In the context of our exercise, when differentiating expressions such as \( \ln(\tan x) \), we apply the chain rule. The outer function here is the natural logarithm, and the inner function is \( \tan x \). Thus, the derivative \( \frac{d}{dx}(\ln(\tan x)) \) becomes \( \frac{1}{\tan x} \cdot \sec^2 x \). Similarly, for \( \ln(5x+3) \), the derivative is \( \frac{1}{5x+3} \cdot 5 \).

Applying the chain rule properly ensures accurate results especially in complex expressions involving multiple functions.

Derivative

A derivative represents the rate at which a function changes with respect to a variable. It's a fundamental concept in calculus, symbolized as \( f'(x) \) when differentiating a function \( f(x) \).

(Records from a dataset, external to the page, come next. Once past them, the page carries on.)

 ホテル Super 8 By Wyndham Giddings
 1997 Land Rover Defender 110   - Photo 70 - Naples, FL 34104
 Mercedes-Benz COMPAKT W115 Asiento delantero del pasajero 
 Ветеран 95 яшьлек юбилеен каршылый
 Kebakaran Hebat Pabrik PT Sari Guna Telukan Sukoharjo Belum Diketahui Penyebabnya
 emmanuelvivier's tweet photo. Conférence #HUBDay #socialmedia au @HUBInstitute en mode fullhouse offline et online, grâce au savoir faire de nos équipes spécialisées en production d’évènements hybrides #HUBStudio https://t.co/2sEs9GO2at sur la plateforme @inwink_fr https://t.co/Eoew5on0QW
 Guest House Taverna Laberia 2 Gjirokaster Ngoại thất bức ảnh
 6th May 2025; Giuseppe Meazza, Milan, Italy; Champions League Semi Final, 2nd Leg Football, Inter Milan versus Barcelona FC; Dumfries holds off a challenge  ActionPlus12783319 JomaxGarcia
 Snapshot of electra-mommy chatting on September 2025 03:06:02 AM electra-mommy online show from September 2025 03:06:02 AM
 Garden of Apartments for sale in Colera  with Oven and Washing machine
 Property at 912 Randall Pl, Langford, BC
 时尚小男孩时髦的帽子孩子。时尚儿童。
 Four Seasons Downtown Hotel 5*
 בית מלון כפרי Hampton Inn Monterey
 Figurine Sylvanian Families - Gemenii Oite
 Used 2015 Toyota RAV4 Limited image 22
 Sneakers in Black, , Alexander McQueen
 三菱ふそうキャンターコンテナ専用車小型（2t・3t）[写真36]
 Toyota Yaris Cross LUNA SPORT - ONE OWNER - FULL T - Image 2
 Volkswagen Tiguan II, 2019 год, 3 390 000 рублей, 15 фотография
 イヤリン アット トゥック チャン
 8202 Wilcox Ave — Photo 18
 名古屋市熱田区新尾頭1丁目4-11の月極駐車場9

• The derivative of a constant is zero.
• The derivative of \( x^n \) is \( nx^{n-1} \).
• The derivative of \( \sin x \) is \( \cos x \), and of \( \tan x \) is \( \sec^2 x \).

In logarithmic differentiation, we use the derivative of logarithmic functions, notably: \( \frac{d}{dx}(\ln x) = \frac{1}{x} \).

Our problem involves differentiating a quotient \( \frac{\tan^{10} x}{(5x+3)^6} \). By taking the natural logarithm, simplifying using properties, and differentiating, we manage more complex differentiation using related derivatives like \( \tan x \) and the constants involved in polynomial terms. This approach breaks down the derivative into manageable parts, which are then combined for the final solution.

Logarithmic Properties

Logarithmic properties are crucial in simplifying complex expressions. Using logarithms in differentiation makes handling products, quotients, and powers more manageable.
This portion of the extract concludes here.